At the Davidson College workshop in 1995, participants developed four blueprints to guide faculty in their efforts to enrich the undergraduate science curriculum of their institutions by developing courses and programs in an interdisciplinary and marvelously fertile young science: Neuroscience. Using these blueprints as a foundation, participants at the Oberlin College workshop in 1998 and at the Trinity College workshop in 2001 explored cutting-edge laboratory exercises designed to serve as the basis for the development of investigative, discovery-based laboratory experiences as well as simulations of synaptic transmission and the steps involved in launching regional meetings emphasizing undergraduate neuroscience research. In the 2005 PKAL/FUN workshop at Macalester College, in addition to exploring new laboratory experiences and development of leadership skills, the participants revisited the four original curricular blueprints that served as curricular models in neuroscience since 1995, and, to address the directions that neuroscience is headed in the coming decades, added a fifth curricular blueprint, neuroscience studies. In the 2008 FUN workshop, participants explored new laboratory experiences emphasizing discovery-based learning and the increasing interdisciplinarity of neuroscience education. In the 2011 FUN workshop, we moved to the west coast for the first time, convening at Pomona College. At Pomona, we continued to examine new classroom and laboratory exercises, and for the first time held a satellite pre-workshop laboratory seminar that explored new methodological directions in research-based teaching.

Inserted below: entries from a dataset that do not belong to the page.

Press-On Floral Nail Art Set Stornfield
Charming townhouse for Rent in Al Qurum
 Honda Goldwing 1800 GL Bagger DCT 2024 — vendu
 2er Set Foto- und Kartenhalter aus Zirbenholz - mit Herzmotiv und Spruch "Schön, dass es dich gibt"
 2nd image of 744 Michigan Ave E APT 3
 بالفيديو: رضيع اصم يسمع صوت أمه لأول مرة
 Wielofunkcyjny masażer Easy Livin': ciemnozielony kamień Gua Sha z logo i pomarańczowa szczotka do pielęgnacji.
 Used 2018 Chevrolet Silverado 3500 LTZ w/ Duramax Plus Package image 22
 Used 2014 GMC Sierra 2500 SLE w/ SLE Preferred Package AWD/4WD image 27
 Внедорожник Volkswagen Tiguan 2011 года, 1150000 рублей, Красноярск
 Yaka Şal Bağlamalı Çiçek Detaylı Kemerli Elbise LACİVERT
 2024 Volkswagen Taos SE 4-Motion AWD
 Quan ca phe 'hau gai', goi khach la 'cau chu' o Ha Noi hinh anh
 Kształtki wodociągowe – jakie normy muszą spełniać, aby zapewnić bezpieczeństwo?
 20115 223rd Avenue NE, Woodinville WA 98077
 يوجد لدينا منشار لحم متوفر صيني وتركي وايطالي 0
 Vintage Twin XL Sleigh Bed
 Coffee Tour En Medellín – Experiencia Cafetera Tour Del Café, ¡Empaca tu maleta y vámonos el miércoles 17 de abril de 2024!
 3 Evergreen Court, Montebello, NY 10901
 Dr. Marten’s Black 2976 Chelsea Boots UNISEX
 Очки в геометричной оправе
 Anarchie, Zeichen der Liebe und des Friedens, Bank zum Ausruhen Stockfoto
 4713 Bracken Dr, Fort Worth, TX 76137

We devoted time to the needs of growing programs, confronting the issues that arise as classroom and laboratory technologies undergo rapid changes. We actively explored approaches to mounting major and non-major courses in the undergraduate neuroscience curriculum and ways to promote productive research environments for ourselves and our students. At Ithaca College in 2014, we examined issues confronting neuroscience programs in a period of reduced funding and burgeoning enrollments.

In 2017, we stand at the crossroads: As the world of neuroscience education continues to broaden, and with it, enrollment pressures increase across institutions, what is the future of the curriculum? Alongside discussion and presentation of innovative classroom and laboratory exercises, in a wide range of sessions, participants will explore issues focusing on both the profession and the curriculum, including assessment of program effectiveness, incorporation of study abroad into student plans, and development of faculty leadership skills to ensure the sustainability and resilience of Inclusive undergraduate education programs in neuroscience for the future. Our satellite pre-workshop laboratory seminar will explore new methodological directions in research-based teaching.

Key Issues

  • What has neuroscience become in the 26 years that FUN has championed the cause of undergraduate education in neuroscience? What are we trying to accomplish today by introducing neuroscience to undergraduates as part of a liberal arts experience? How can we best assess the relative success of our efforts?
  • Given the range of undergraduate colleges and universities, what types of classroom and laboratory experiences “work” in an undergraduate neuroscience setting? How are these changing with the introduction of new technologies? How are enrollment pressures impacting on these experiences?
  • How can study abroad and other experiences be integrated more effectively in an undergraduate neuroscience program?
  • What are leading models of neuroscience programs? What are the philosophical and logistical obstacles in setting up a neuroscience program in a liberal arts college? In a state university?
  • What makes for a successful grant proposal? How does one get support for research, programs, or equipment? What kinds of opportunities are available for faculty development?
  • How does one formulate a plan for leadership that stems from individual strengths, and is mindful of career stage, institutional culture, and other commitments? What are the costs and benefits of leadership roles?